I can hear gulls, or rocks, or one or five machine-guns, or the breathing of twelve men, or one hundred.
I am souped, a bowl for this idiot’s head. There is a last clutch of aftershave about his hair, and the hooting noise of sweat. It irritates me, awfully, when his hair grows. It seems to grow in fits, at night when he is asleep so as not to distress him.
What about me? Why won’t he take me off when he sleeps? Is he afraid of the rocks falling? Will the gulls shit on him, and so instead he uses me as shelter? I hope I have a rim that cuts into him and gives him a blood disease.
I can feel my height; I loop up, am vaulted and ribbed to hold my structure. What about a policeman, a British one, a bobby? Do I wear a badge? I hope I am polished. I can feel him hobble at one side, tipping me on his skull; a lazy walker. I do not think he polishes me.
Though, perhaps I am unkind; there are many places where he would have no time to polish me; maybe he limps from fatigue, a diamond miner, his hair is tightly coiled, maybe in the Congo or Madagascar? I have heard it mentioned, once, or twice. I hope he is not black. Their skin is oily and they do not care for their possessions. Though perhaps I am pithy, a pith helm, witty and white. Maybe I protect a sweaty white head. No matter. He is an idiot anyway.
Something! Something rattles off me! Again! I want to tell him to watch out, to dodge and move. Just because I am far more formidable than his silly little skull, he feels he can do what he likes with me! What if that was a bullet? Or a shell fragment? Or a friend’s skull fragment? Am I in a war? I do hope I am on the side that is winning, or at least the right side. I wonder if God is with us? I have heard his name spoken, sometimes before the idiot lies down, or before he begins to run, as he sometimes does, loping like a great, retarded wolf.
The language the idiot speaks is my language, this language. I might try a different language. I might say – for example – l’shudi pongg jipsum, and there it is, another language, my language, the helmet language.
Occasionally a hand enters to tousle the hair or scratch, and a shudder runs up my dome to the nub. I curse the idiot, and love him at the same time for this.

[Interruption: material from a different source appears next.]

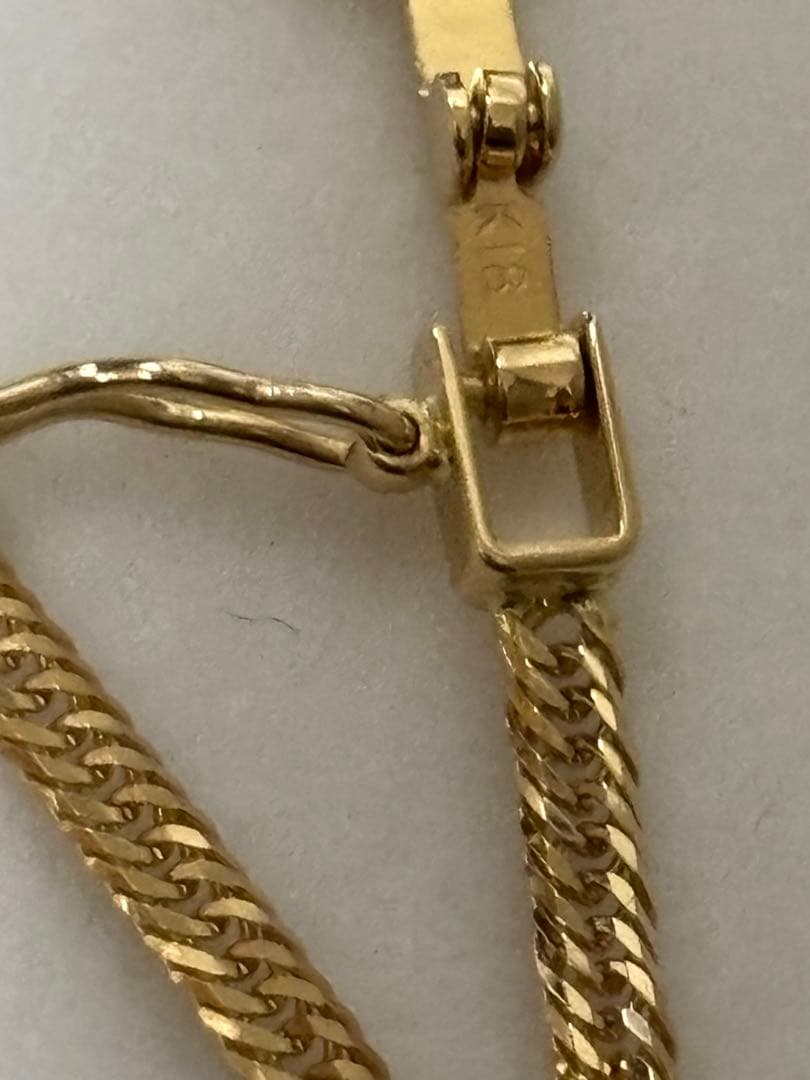 k18喜平ネックレス 5.5ｇ 45cm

There is another helmet, a helmet of warmth that melts down me. I can feel some sort of difference all over me; in long lines there is a coolness, a shadow. Are these lines decoration? Mounting for a weapon or flashlight? The heat is gone now, and the noise; I didn’t notice the noise. High and piercing. Gulls. Maybe it is gulls. But why have they stopped? The idiot seems to be moving in zigzags, I rock this way and that.
I think that time will pass again. And it does. It gets colder, and men’s voices get quieter, even the idiot, who usually brays and grunts. There is heat in front of me, a less urgent heat, and it quietly laps and licks into all my crevices, even into the lines that I fancy are embossed ivy leaves. Solid, flat hands grip me, and I am turned. To be lifted! Please! To move away from his stink! Please! To see the world!
No. I am only turned, backwards it seems. My arse, named after his arse that he speaks of often, is warmed by that beautiful warmth, and I face out, where I cannot see.